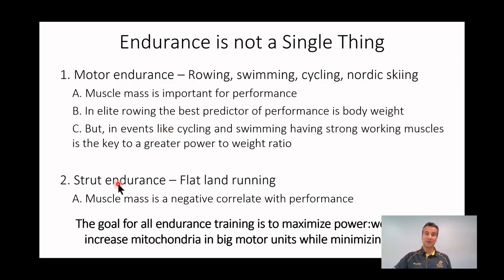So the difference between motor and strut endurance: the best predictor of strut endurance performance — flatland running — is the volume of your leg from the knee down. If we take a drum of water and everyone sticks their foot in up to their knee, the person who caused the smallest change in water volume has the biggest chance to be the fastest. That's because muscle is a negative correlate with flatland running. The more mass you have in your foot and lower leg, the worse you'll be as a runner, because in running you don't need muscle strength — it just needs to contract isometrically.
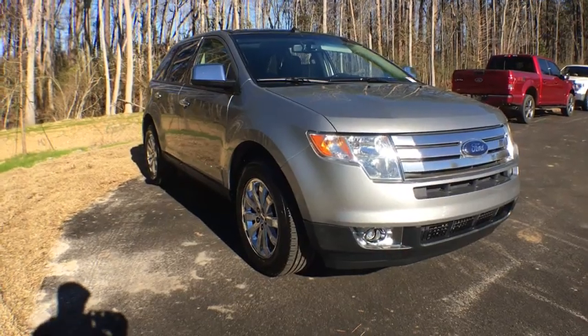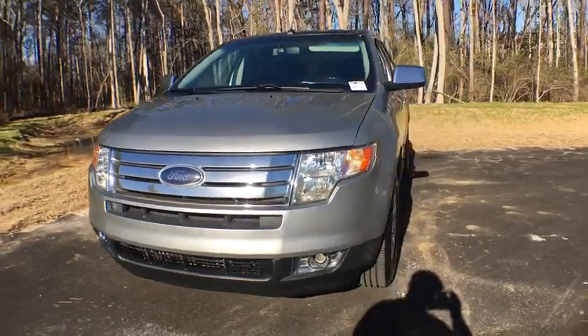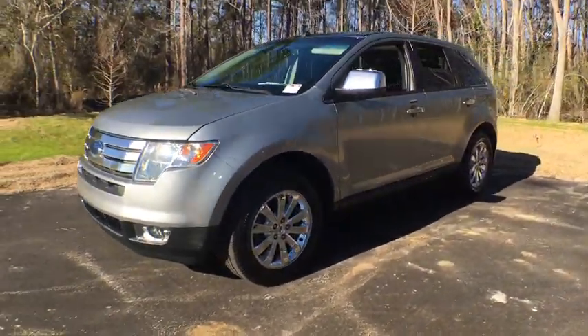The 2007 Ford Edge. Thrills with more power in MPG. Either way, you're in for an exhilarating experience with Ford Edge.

# # # #

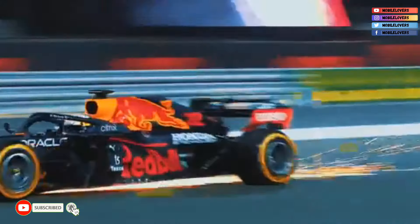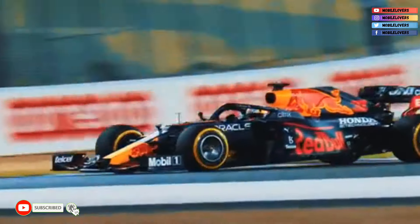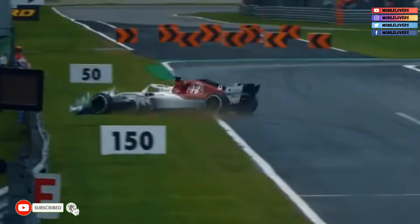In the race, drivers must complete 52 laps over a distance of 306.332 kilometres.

# # # #

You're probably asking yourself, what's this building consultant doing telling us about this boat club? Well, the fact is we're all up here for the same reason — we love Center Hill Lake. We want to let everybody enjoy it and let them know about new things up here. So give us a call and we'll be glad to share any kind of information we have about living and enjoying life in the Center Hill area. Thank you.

# # # #

■ WHAT THIS TASK INVOLVES:
In the records above, find the line with "So the difference" and the line with "The 2007 Ford". Write out exactly those lines and every one between, with no pictures and no other lines.

■ REPLY:
So the difference between motor and strut endurance: the best predictor of strut endurance performance — flatland running — is the volume of your leg from the knee down. If we take a drum of water and everyone sticks their foot in up to their knee, the person who caused the smallest change in water volume has the biggest chance to be the fastest. That's because muscle is a negative correlate with flatland running. The more mass you have in your foot and lower leg, the worse you'll be as a runner, because in running you don't need muscle strength — it just needs to contract isometrically.
The 2007 Ford Edge. Thrills with more power in MPG. Either way, you're in for an exhilarating experience with Ford Edge.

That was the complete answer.